Movies: Killing Bono **
(15A, GENERAL RELEASE)
In his 2003 book, I Was Bono's Doppelganger, failed rock god and Mount Temple alumnus Neil McCormick described in fanciful terms how his attempt to storm the music business compared with that of his former classmate, Bono.
Back in the late 70s the two were friends, and the frontmen of rival north Dublin bands. But while U2 coasted to world domination McCormick's career imploded horribly, mainly due to his own stupidity. It's this tall story that forms the basis of Killing Bono, a chaotic comedy directed by English journeyman Nick Hamm.
Ben Barnes (sporting a surprisingly decent middle class Dublin accent) is McCormick, who has just formed a band with his younger brother Ivan (Robert Sheehan) when he hears that Paul Hewson is also setting up a group.

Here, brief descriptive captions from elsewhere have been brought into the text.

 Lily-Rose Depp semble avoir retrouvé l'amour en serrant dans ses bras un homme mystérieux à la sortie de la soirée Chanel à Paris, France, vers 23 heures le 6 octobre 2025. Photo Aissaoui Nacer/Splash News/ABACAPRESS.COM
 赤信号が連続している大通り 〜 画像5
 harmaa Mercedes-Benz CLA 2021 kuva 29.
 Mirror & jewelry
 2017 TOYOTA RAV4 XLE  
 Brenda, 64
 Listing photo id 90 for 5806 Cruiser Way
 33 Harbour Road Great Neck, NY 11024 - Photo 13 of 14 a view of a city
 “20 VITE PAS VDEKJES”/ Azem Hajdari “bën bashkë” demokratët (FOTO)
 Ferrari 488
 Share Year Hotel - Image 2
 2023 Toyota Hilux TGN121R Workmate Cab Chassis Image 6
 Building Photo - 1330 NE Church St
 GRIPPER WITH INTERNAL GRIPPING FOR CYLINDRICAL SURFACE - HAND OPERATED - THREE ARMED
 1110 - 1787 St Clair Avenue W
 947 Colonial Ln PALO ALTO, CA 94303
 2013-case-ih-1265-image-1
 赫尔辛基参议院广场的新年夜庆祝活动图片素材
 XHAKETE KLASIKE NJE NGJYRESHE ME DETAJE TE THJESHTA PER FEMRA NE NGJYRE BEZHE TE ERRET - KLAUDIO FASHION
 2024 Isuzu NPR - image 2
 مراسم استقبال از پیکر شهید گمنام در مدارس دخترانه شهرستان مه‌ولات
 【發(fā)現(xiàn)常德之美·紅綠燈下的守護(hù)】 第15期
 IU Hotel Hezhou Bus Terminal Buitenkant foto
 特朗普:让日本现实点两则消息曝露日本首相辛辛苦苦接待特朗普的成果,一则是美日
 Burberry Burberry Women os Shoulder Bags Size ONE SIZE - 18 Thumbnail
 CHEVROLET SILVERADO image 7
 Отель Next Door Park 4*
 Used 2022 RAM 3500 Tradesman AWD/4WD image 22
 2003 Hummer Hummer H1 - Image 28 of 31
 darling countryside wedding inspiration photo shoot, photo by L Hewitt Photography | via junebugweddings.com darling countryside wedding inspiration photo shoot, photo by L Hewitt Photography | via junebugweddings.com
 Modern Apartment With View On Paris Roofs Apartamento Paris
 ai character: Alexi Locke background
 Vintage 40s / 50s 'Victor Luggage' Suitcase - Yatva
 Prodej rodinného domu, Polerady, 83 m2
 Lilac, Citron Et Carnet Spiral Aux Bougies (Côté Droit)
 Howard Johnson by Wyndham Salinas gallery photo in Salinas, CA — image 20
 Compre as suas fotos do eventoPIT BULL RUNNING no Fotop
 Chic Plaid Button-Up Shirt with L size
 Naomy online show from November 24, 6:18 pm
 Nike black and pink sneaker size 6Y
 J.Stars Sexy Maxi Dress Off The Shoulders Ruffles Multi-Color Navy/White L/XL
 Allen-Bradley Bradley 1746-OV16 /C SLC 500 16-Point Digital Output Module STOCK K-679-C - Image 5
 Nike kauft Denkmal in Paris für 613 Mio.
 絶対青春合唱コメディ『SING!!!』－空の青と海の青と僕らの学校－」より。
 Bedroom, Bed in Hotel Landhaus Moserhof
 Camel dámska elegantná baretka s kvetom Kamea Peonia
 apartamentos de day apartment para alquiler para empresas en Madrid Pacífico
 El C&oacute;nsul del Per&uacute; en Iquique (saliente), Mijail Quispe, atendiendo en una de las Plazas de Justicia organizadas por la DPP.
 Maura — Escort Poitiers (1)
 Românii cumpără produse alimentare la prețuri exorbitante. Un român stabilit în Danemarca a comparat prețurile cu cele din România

After The Vibe (as U2 were originally called) blow the competition away at a Mount Temple band contest, Neil becomes obsessed with making it big before Bono does. When U2 release a well-received first album, Boy, it's a setback for the McCormicks, but Neil then hatches a plan to move to London and make their name there. Ivan goes along with it, but what he doesn't know is that Neil has borrowed money from a Dublin criminal called Machin (Stanley Townsend) to fund their journey. And every time they get close to hitting the big time, Neil's huge ego conspires to undermine them.
I suppose a half-watchable film might have been assembled from that rambling storyline, but Killing Bono certainly isn't it. The film founders on two large obstacles: headless direction and a dreadful script cobbled together by veteran TV writers Dick Clement and Ian La Franais. This pair have a track record in mangling Irish source material (it was they who battered Roddy Doyle's Commitments into bland submission), and their lack of feel for the nuances of Hiberno-English does not help Killing Bono's cause.
Whether or not McCormick's idea could have been turned into a decent comedy by anyone, though, is a moot point. As it is, a badly structured film leaves the young principals clueless and floundering.
Killing Bono doesn't even bother being chronologically accurate: a pole-dancing club in a 80s rural Irish village is just one of its many sloppy gaffes. The sole bright spot is Martin McCann's drawling Bono: he's perfectly cast, and is the only convincing thing is this whole sorry mess.